I was thinking to add likely like so:

return likely(tls_ptr && tls_ptr != (void *)-1) ? tls_ptr +
tls_index.offset : NULL;


and then hope that Clang will prioritize leaving non-NULL code path as
linear as possible

>
> I think that we can leave patch for a while. I will do some investigation
> in llvm side to see whether I can come up with some heuristics to benefit
> verifier in terms of verified insns.
>
> >
> >> Test with llvm20 and llvm21 as well and all strobemeta related selftests
> >> are passed.
> >>
> >>    [1] https://github.com/llvm/llvm-project/pull/161000
> >>
> >> Signed-off-by: Yonghong Song <yonghong.song@linux.dev>
> >> ---
> >>   tools/testing/selftests/bpf/progs/strobemeta.h | 6 +++---
> >>   1 file changed, 3 insertions(+), 3 deletions(-)
> >>
> >> NOTE: I will also check whether we can make changes in llvm to automatically
> >>   adjust branch statements to minimize verification insns/states.
> >>
> >> diff --git a/tools/testing/selftests/bpf/progs/strobemeta.h b/tools/testing/selftests/bpf/progs/strobemeta.h
> >> index a5c74d31a244..6e1918deaf26 100644
> >> --- a/tools/testing/selftests/bpf/progs/strobemeta.h
> >> +++ b/tools/testing/selftests/bpf/progs/strobemeta.h
> >> @@ -330,9 +330,9 @@ static void *calc_location(struct strobe_value_loc *loc, void *tls_base)
> >>          }
> >>          bpf_probe_read_user(&tls_ptr, sizeof(void *), dtv);
> >>          /* if pointer has (void *)-1 value, then TLS wasn't initialized yet */
> >> -       return tls_ptr && tls_ptr != (void *)-1
> >> -               ? tls_ptr + tls_index.offset
> >> -               : NULL;
> >> +       if (!tls_ptr || tls_ptr == (void *)-1)
> >> +               return NULL;
> >> +       return tls_ptr + tls_index.offset;
> >>   }
> >>
> >>   #ifdef SUBPROGS
> >> --
> >> 2.47.3
> >>
>

^ permalink raw reply	[flat|nested] 6+ messages in thread

* Re: [PATCH bpf-next] selftests/bpf: Fix selftest verif_scale_strobemeta failure with llvm22
  2025-10-15 20:31     ` Andrii Nakryiko
@ 2025-10-15 20:54       ` Yonghong Song
  0 siblings, 0 replies; 6+ messages in thread
From: Yonghong Song @ 2025-10-15 20:54 UTC (permalink / raw)
  To: Andrii Nakryiko
  Cc: bpf, Alexei Starovoitov, Andrii Nakryiko, Daniel Borkmann,
	kernel-team, Martin KaFai Lau



On 10/15/25 1:31 PM, Andrii Nakryiko wrote:
> On Wed, Oct 15, 2025 at 12:56 PM Yonghong Song <yonghong.song@linux.dev> wrote:
>>
>>
>> On 10/15/25 9:45 AM, Andrii Nakryiko wrote:
>>> On Mon, Oct 13, 2025 at 10:16 PM Yonghong Song <yonghong.song@linux.dev> wrote:
>>>> With latest llvm22, I hit the verif_scale_strobemeta selftest failure
>>>> below:
>>>>     $ ./test_progs -n 618
>>>>     libbpf: prog 'on_event': BPF program load failed: -E2BIG
>>>>     libbpf: prog 'on_event': -- BEGIN PROG LOAD LOG --
>>>>     BPF program is too large.
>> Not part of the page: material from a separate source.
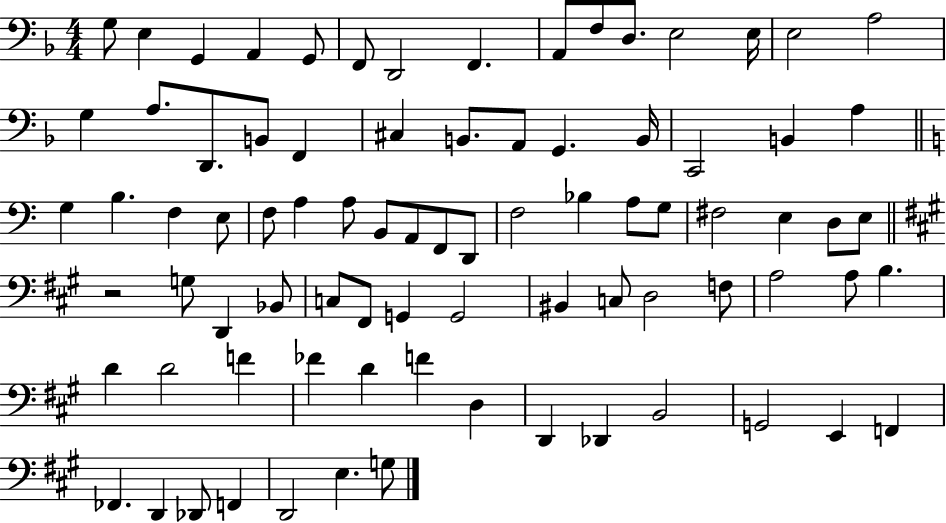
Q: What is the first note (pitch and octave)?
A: G3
Processed 1000001 insn
>>>>     verification time 7019091 usec
>>>>     stack depth 488
>>>>     processed 1000001 insns (limit 1000000) max_states_per_insn 28 total_states 33927 peak_states 12813 mark_read 0
>>>>     -- END PROG LOAD LOG --
>>>>     libbpf: prog 'on_event': failed to load: -E2BIG
>>>>     libbpf: failed to load object 'strobemeta.bpf.o'
>>>>     scale_test:FAIL:expect_success unexpected error: -7 (errno 7)
>>>>     #618     verif_scale_strobemeta:FAIL
>>>>
>>>> But if I increase the verificaiton insn limit from 1M to 10M, the above
>>>> test_progs run actually will succeed. The below is the result from veristat:
>>>>     $ ./veristat strobemeta.bpf.o
>>>>     Processing 'strobemeta.bpf.o'...
>>>>     File              Program   Verdict  Duration (us)    Insns  States  Program size  Jited size
>>>>     ----------------  --------  -------  -------------  -------  ------  ------------  ----------
>>>>     strobemeta.bpf.o  on_event  success       90250893  9777685  358230         15954       80794
>>>>     ----------------  --------  -------  -------------  -------  ------  ------------  ----------
>>>>     Done. Processed 1 files, 0 programs. Skipped 1 files, 0 programs.
>>>>
>>>> Further debugging shows the llvm commit [1] is responsible for the verificaiton
>>>> failure as it tries to convert certain switch statement to if-condition. Such
>>>> change may cause different transformation compared to original switch statement.
>>>>
>>>> In bpf program strobemeta.c case, the initial llvm ir for read_int_var() function is
>>>>     define internal void @read_int_var(ptr noundef %0, i64 noundef %1, ptr noundef %2,
>>>>         ptr noundef %3, ptr noundef %4) #2 !dbg !535 {
>>>>       %6 = alloca ptr, align 8
>>>>       %7 = alloca i64, align 8
>>>>       %8 = alloca ptr, align 8
>>>>       %9 = alloca ptr, align 8
>>>>       %10 = alloca ptr, align 8
>>>>       %11 = alloca ptr, align 8
>>>>       %12 = alloca i32, align 4
>>>>       ...
>>>>       %20 = icmp ne ptr %19, null, !dbg !561
>>>>       br i1 %20, label %22, label %21, !dbg !562
>>>>
>>>>     21:                                               ; preds = %5
>>>>       store i32 1, ptr %12, align 4
>>>>       br label %48, !dbg !563
>>>>
>>>>     22:
>>>>       %23 = load ptr, ptr %9, align 8, !dbg !564
>>>>       ...
>>>>
>>>>     47:                                               ; preds = %38, %22
>>>>       store i32 0, ptr %12, align 4, !dbg !588
>>>>       br label %48, !dbg !588
>>>>
>>>>     48:                                               ; preds = %47, %21
>>>>       call void @llvm.lifetime.end.p0(ptr %11) #4, !dbg !588
>>>>       %49 = load i32, ptr %12, align 4
>>>>       switch i32 %49, label %51 [
>>>>         i32 0, label %50
>>>>         i32 1, label %50
>>>>       ]
>>>>
>>>>     50:                                               ; preds = %48, %48
>>>>       ret void, !dbg !589
>>>>
>>>>     51:                                               ; preds = %48
>>>>       unreachable
>>>>     }
>>>>
>>>> Note that the above 'switch' statement is added by clang frontend.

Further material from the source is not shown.